Beginning with the line that includes "Multiple Regression Analysis: Heteroscedasticity", return every remaining line of the material exactly as it reads, but not the pictures.

━━━━━━━━━━━━━━━━━━━━

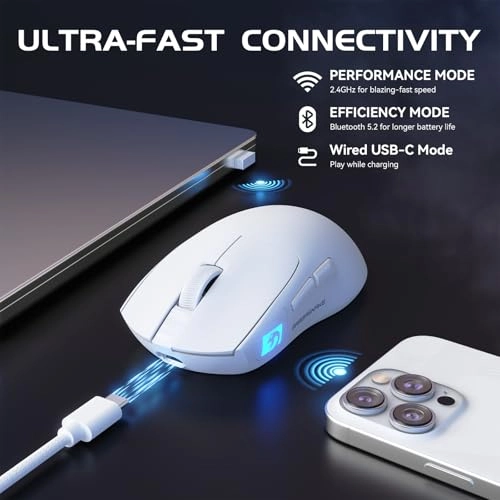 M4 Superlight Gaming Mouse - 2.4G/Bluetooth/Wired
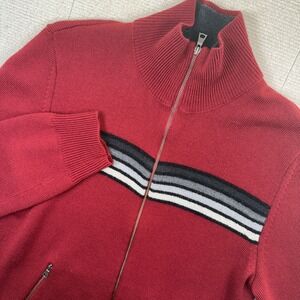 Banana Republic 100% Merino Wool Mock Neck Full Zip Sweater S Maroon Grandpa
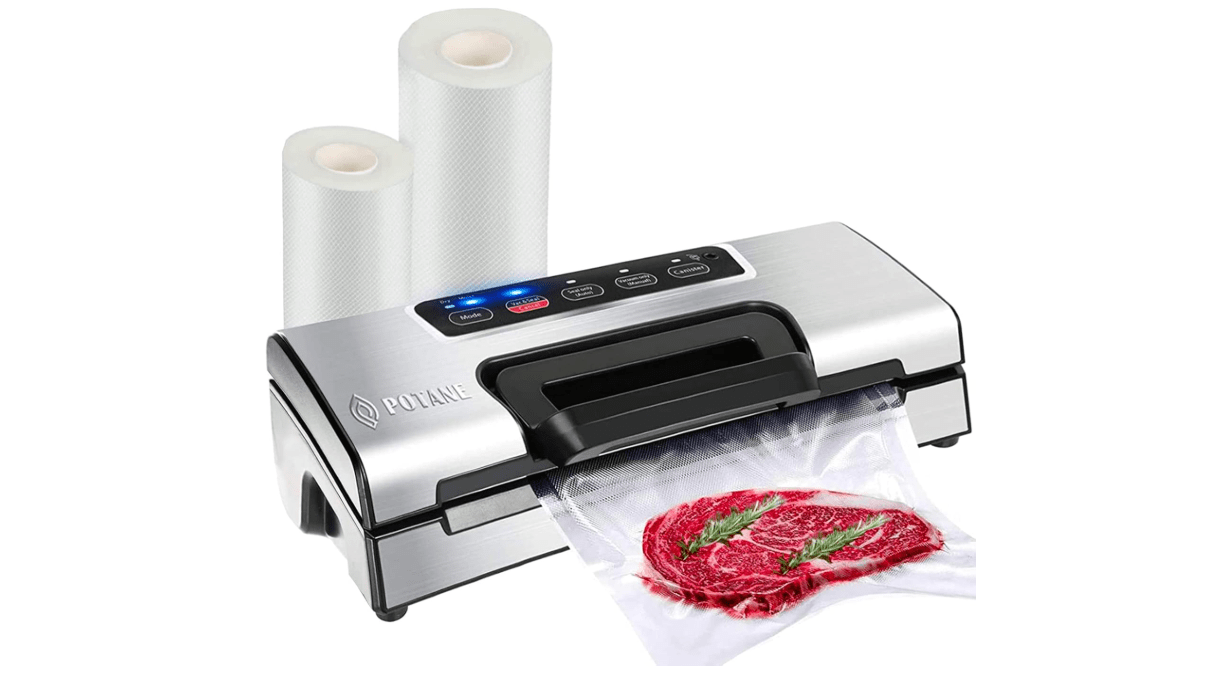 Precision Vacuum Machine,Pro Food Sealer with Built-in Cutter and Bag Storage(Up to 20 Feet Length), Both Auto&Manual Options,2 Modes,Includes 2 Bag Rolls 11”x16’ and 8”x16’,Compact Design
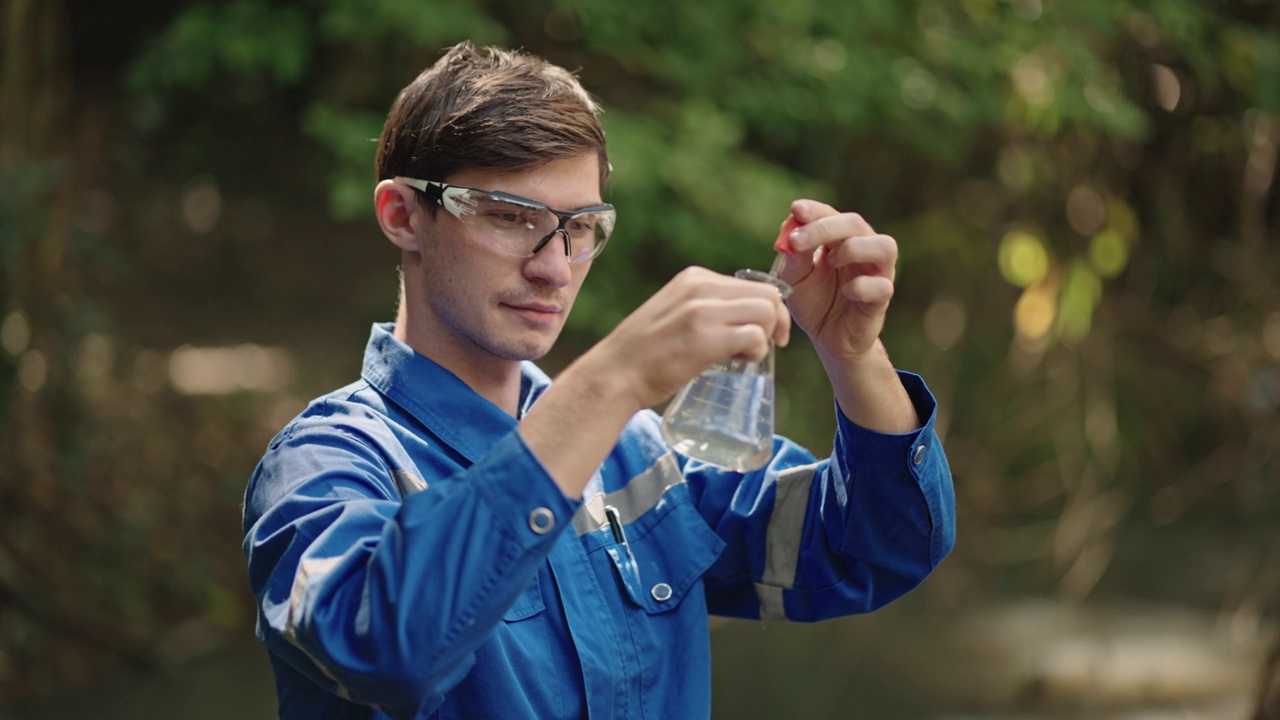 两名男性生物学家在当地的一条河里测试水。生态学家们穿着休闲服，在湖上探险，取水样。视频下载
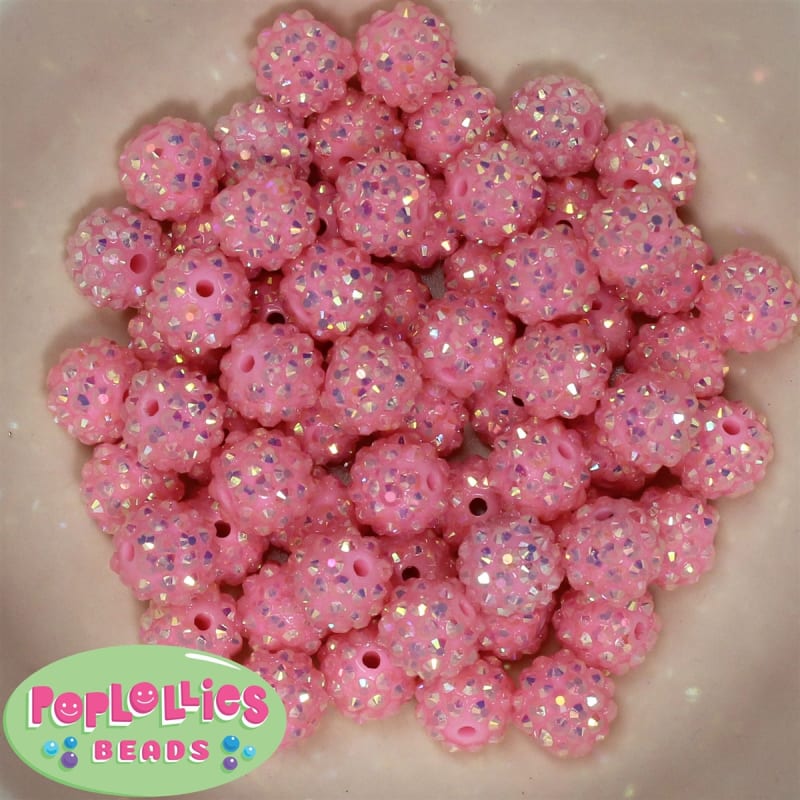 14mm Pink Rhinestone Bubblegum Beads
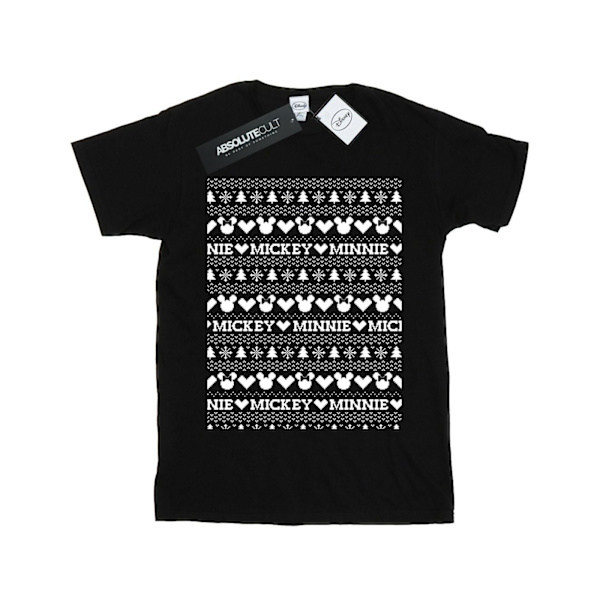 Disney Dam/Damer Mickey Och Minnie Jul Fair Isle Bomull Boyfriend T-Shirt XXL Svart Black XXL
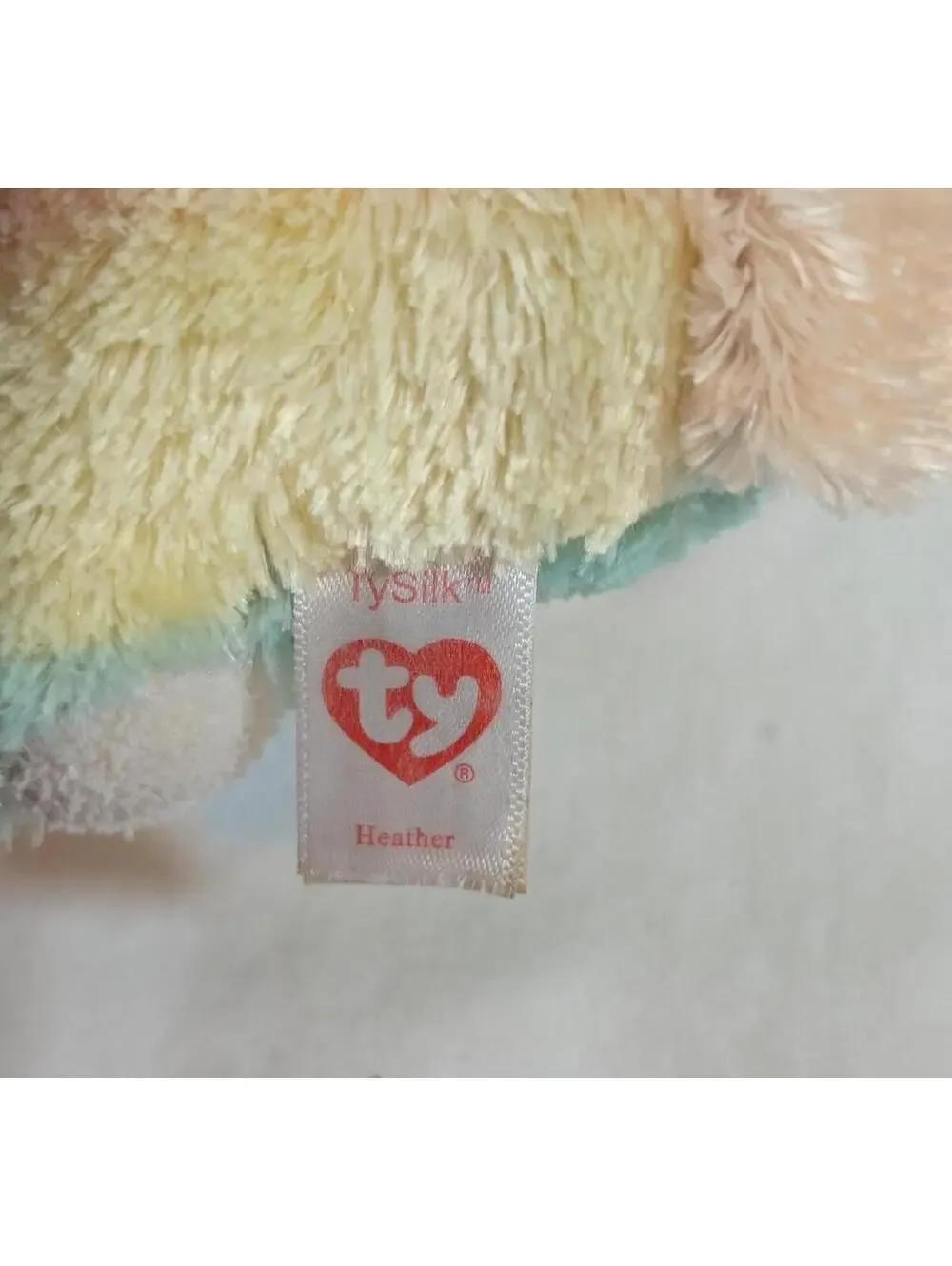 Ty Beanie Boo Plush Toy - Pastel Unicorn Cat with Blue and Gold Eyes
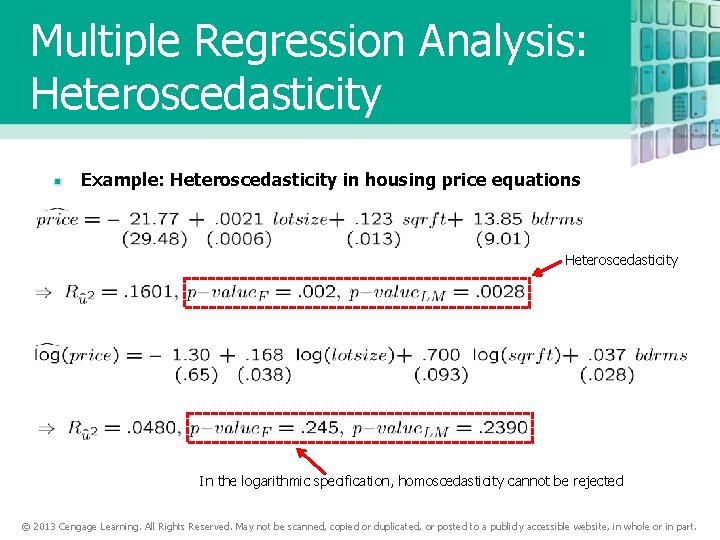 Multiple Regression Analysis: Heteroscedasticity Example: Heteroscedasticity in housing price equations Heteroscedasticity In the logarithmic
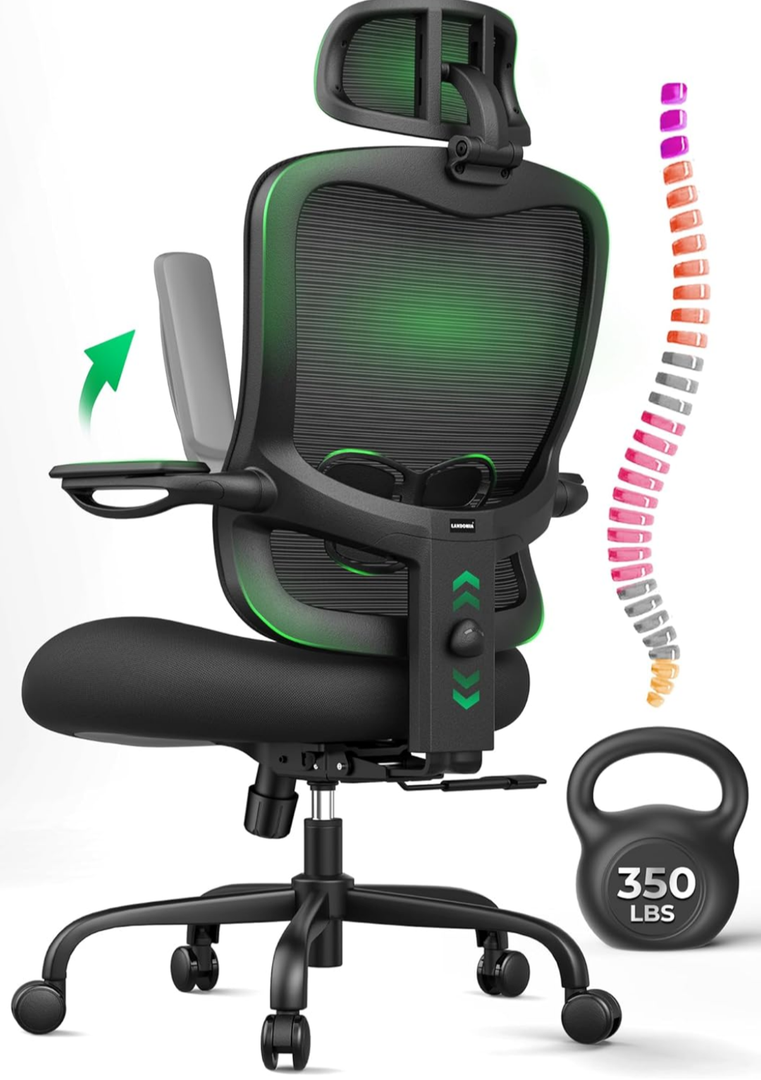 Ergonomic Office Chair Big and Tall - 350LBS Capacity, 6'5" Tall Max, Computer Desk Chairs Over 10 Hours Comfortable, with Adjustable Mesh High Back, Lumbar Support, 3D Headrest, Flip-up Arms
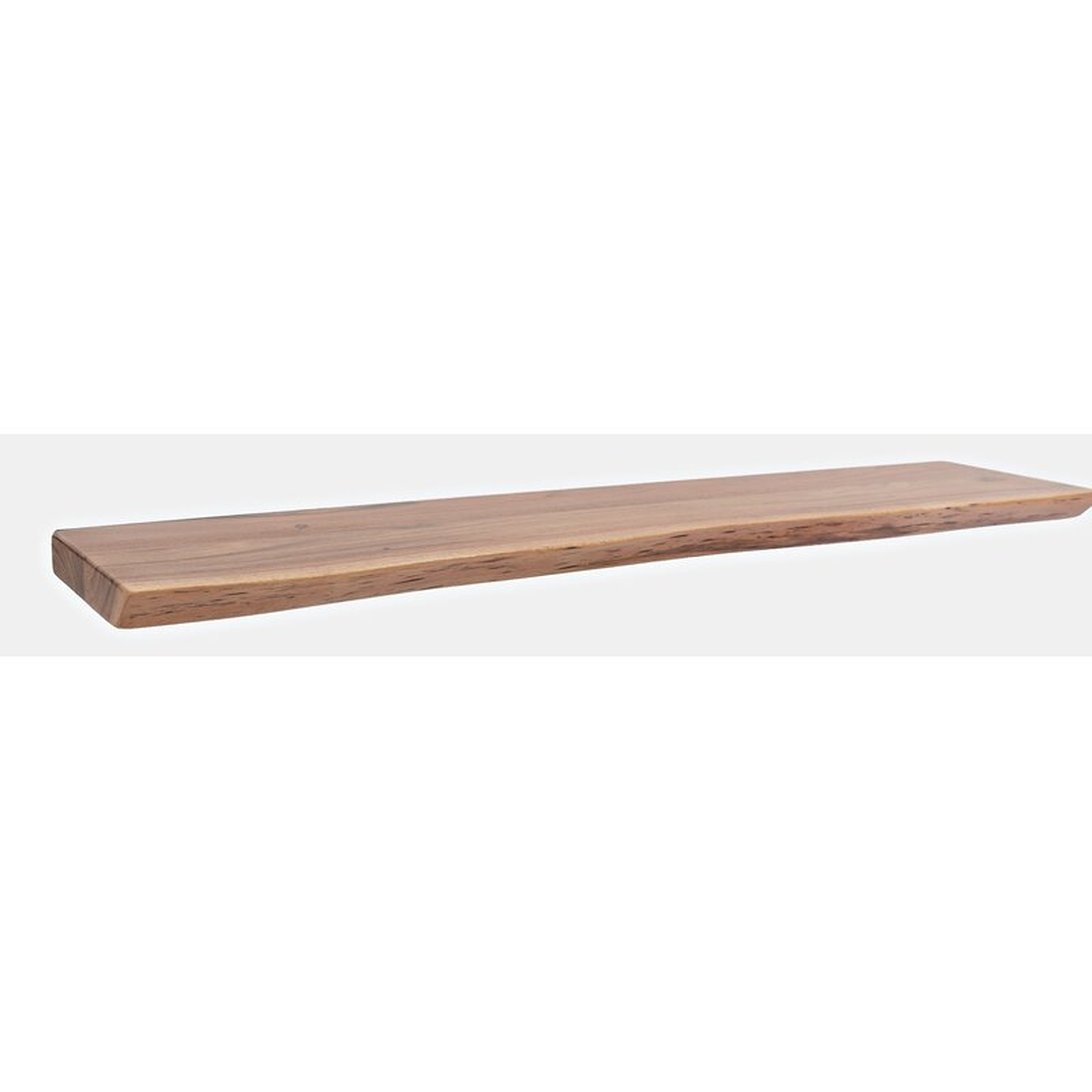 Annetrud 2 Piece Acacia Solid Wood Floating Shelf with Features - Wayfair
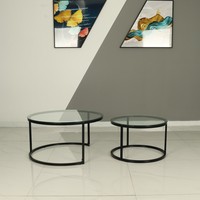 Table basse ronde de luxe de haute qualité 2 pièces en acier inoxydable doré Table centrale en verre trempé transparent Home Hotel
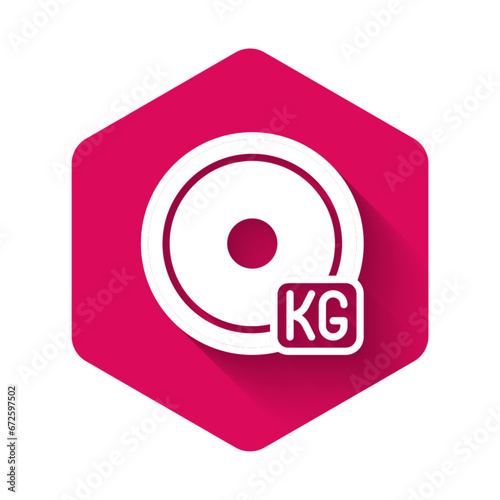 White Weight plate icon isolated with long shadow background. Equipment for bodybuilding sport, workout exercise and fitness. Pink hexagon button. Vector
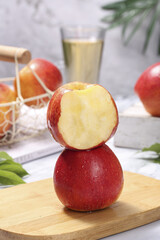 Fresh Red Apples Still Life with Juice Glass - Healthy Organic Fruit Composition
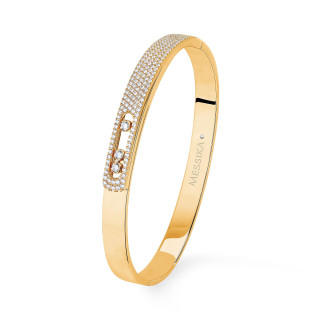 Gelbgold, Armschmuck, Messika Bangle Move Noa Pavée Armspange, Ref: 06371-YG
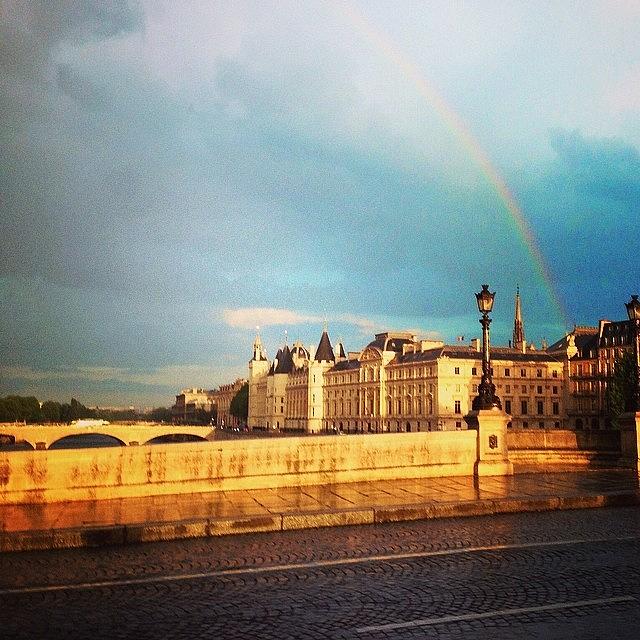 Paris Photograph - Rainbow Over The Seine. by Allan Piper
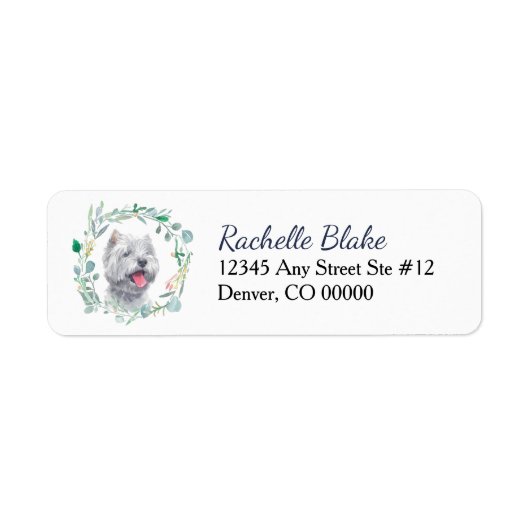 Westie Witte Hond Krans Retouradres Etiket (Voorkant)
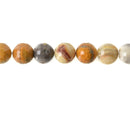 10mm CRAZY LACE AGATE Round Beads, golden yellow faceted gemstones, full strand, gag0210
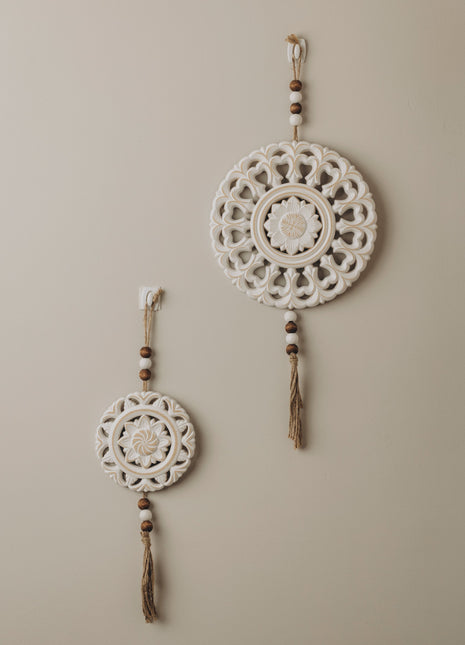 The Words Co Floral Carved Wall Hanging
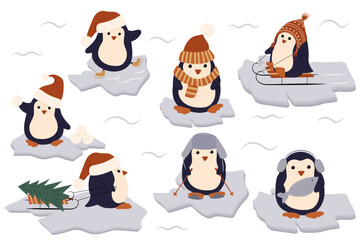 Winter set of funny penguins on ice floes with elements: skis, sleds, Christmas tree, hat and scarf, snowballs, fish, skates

━━━━━━━━━━━━━━━━━━━━

▸ Response to the exercise:
 Multiple Regression Analysis: Heteroscedasticity Example: Heteroscedasticity in housing price equations Heteroscedasticity In the logarithmic
 Ergonomic Office Chair Big and Tall - 350LBS Capacity, 6'5" Tall Max, Computer Desk Chairs Over 10 Hours Comfortable, with Adjustable Mesh High Back, Lumbar Support, 3D Headrest, Flip-up Arms
 Annetrud 2 Piece Acacia Solid Wood Floating Shelf with Features - Wayfair
 Table basse ronde de luxe de haute qualité 2 pièces en acier inoxydable doré Table centrale en verre trempé transparent Home Hotel
 White Weight plate icon isolated with long shadow background. Equipment for bodybuilding sport, workout exercise and fitness. Pink hexagon button. Vector
 Fresh Red Apples Still Life with Juice Glass - Healthy Organic Fruit Composition
 Gelbgold, Armschmuck, Messika Bangle Move Noa Pavée Armspange, Ref: 06371-YG
 Paris Photograph - Rainbow Over The Seine. by Allan Piper
 Westie Witte Hond Krans Retouradres Etiket (Voorkant)
 10mm CRAZY LACE AGATE Round Beads, golden yellow faceted gemstones, full strand, gag0210
 The Words Co Floral Carved Wall Hanging
 Winter set of funny penguins on ice floes with elements: skis, sleds, Christmas tree, hat and scarf, snowballs, fish, skates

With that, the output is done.